FWIW, nuclear power does have quite some associated costs (storage, security, etc.) - I'd love to see a sensible estimate. It might still be worth it to cover base loads.
Are you accounting for the refining and transportation costs of fossil fuels and for the fissionable material mining and refining and for the waste storage costs of nuclear?
Yes, that’s all accounted for. Can be looked up in one of the IPCC reports.

Google for “GHG emissions life cycle IPCC”. I’m currently on mobile so I don’t have the sources at hand.

No, stop spreading your disinformation please. You just compared the retail energy costs instead of the production costs in all your nauseating pro-nuclear comments.
Nuclear has a lot of hidden costs too such as waste disposal or reprocessing, insurance (whether private or effectively public and socialized), and remediation.

If you look at the whole picture including capacity factor, flexibility, engineering overhead, etc., coal and gas are still very cheap... provided you ignore long term externalities. This is the problem.

Yup. Everyone keeps saying "people ignore the cost of batteries!" but what the thing everyone in all these threads ignores is that fossil fuels have absolutely amazing economics and will for much longer than it will take to inflict catastrophic ecological damage on the world. Waiting for them to become more expensive than renewables just means that by the time you finally panic and start building storage and nuclear infrastructure, fossil fuels will be so expensive that the last thing people are interested in is big public works projects.
This really is a classic tragedy of the commons issue that requires government intervention of some form. We have to put a price on fossil fuel externalities and push alternatives. Markets are short term optimization engines and can’t price in what they can’t “see.”

Market fundamentalism is the doppelgänger of dogmatic Marxism and is no better.

Waste disposal or reprocessing are neglectible if you keep in mind that a single nuclear reactor produces electricity worth over one million US Dollars per day.

See: https://youtu.be/cbeJIwF1pVY

I watched your video and he didn't factor waste at all?
> Fossil fuel and nuclear power don't have these associated costs

They do, but with coal, it's the pile out back, I assume natural gas networks have tanks. Nuclear is interesting because it's almost control rods.

But your point stands; storage is a lot simpler for conventional fuels.

Sure. But let's talk about the true costs of fossil fuels: Climate change is pretty damn expensive. Leaving out the costs of the wars fought for oil.
Yep, and Germany proves that renewables don’t help to drive down emissions in the energy sector unless you can use abundant amounts of hydro power.

Germany has 50% renewables, yet their kWh causes 400 grams of CO2 on average while France with 70% nuclear causes 50 grams of CO2 per kWh on average.

Yes, you've repeated this elsewhere, and as others have noted, your stats and figures do not reflect an accurate assessment the the advantages/disadvantages of renewables.
"We've tried it and it failed" is a pretty strong argument, too strong to be brushed aside with out an argument or evidence.
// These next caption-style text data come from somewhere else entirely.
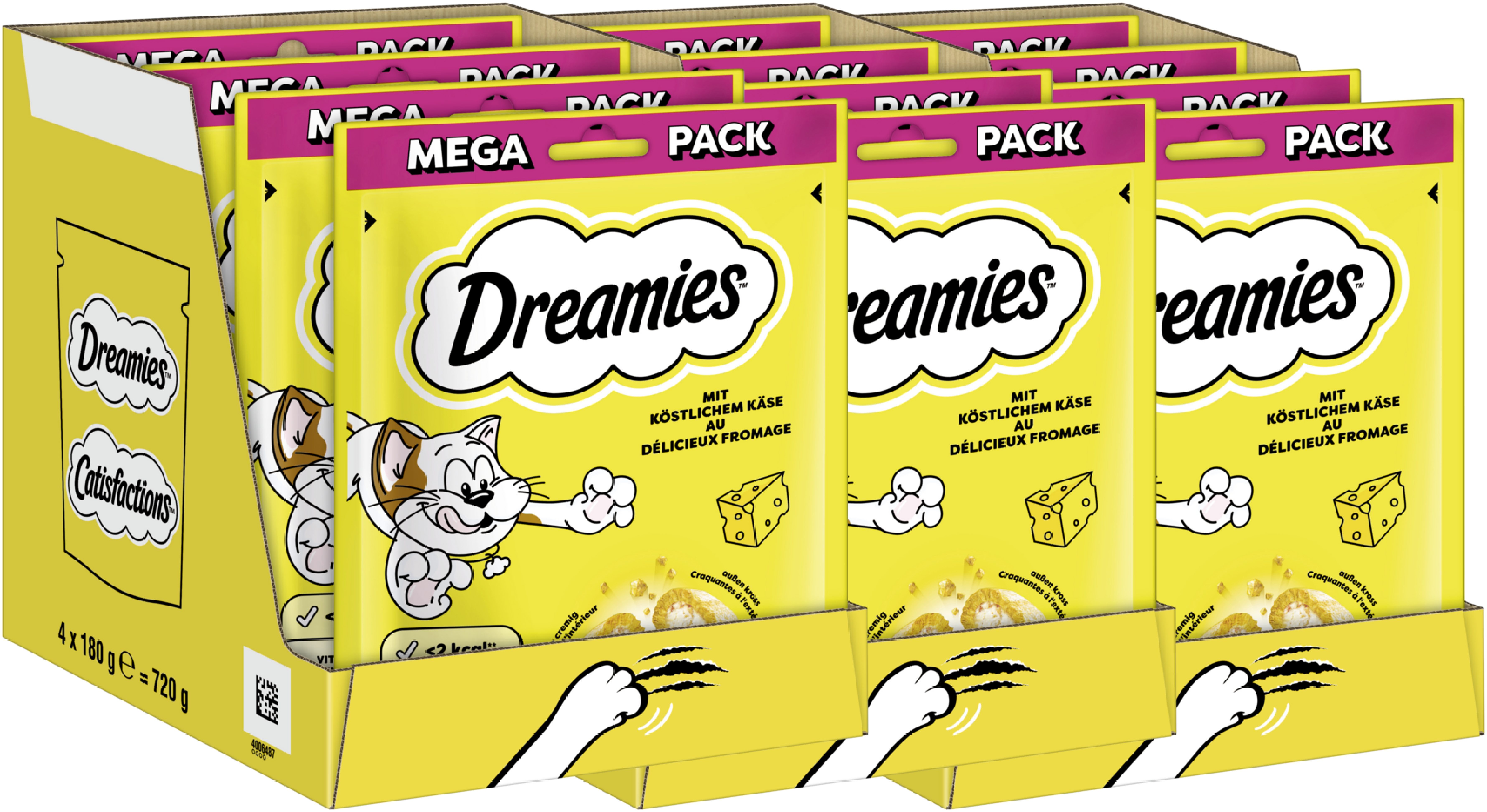 Dreamies DREAMIES™ Käse 12 x 180g, Snack für: Katze
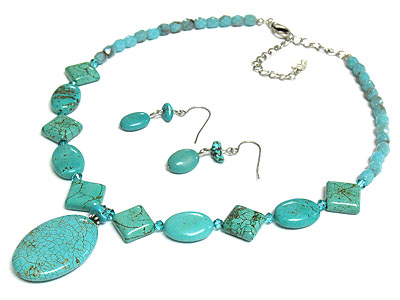 Turquoise stone necklae and earring set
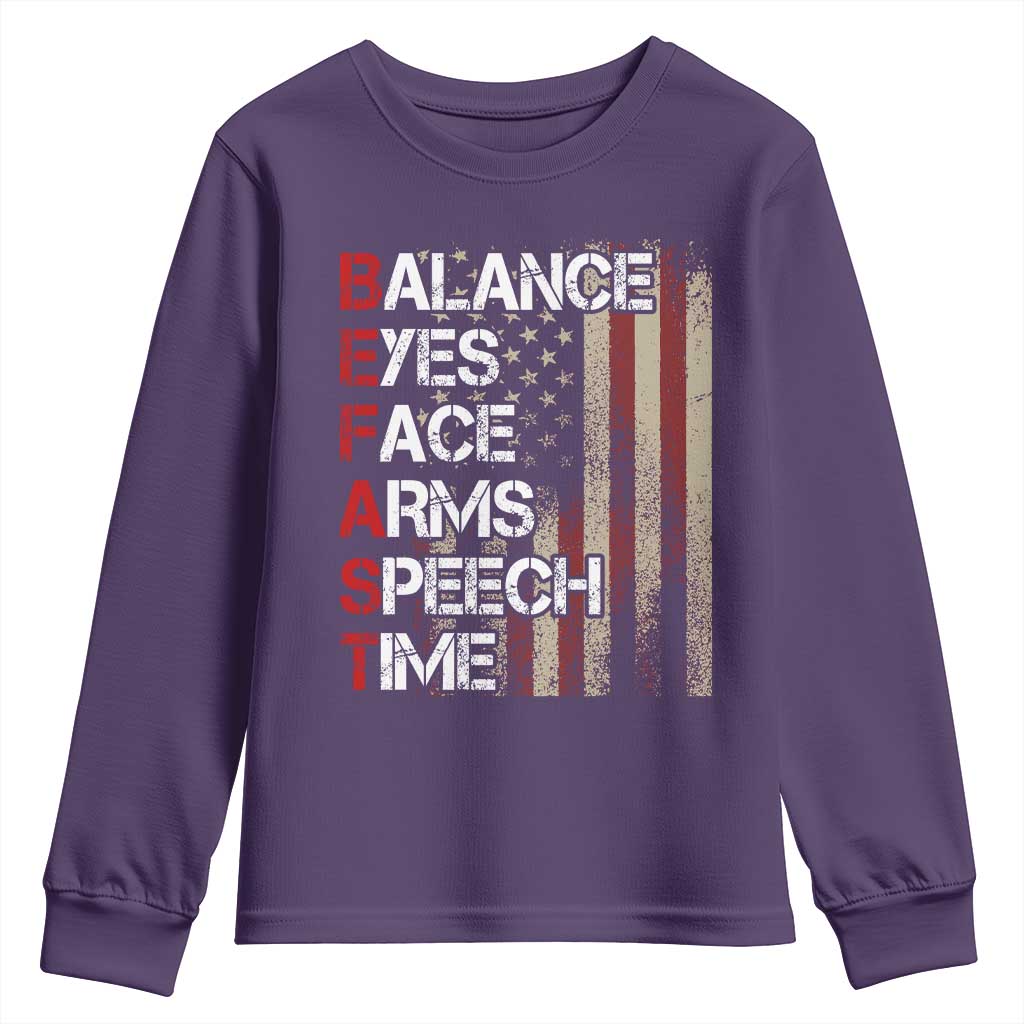 Stroke Awareness Youth Sweatshirt BEFAST Stroke Symptoms Vintage American Flag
The Energiewende is recent history, and the major cause of the highest electricity prices in Europe. But that wasn't enough, not even close, to bring Germany into line with France's excellently low CO2 production.

Even if the situation has changed to the point where solar is the most cost-effective option, there are a lot of lessons to be learned from Germany about how dangerous it is to take an anti-nuclear stance. They look like fools.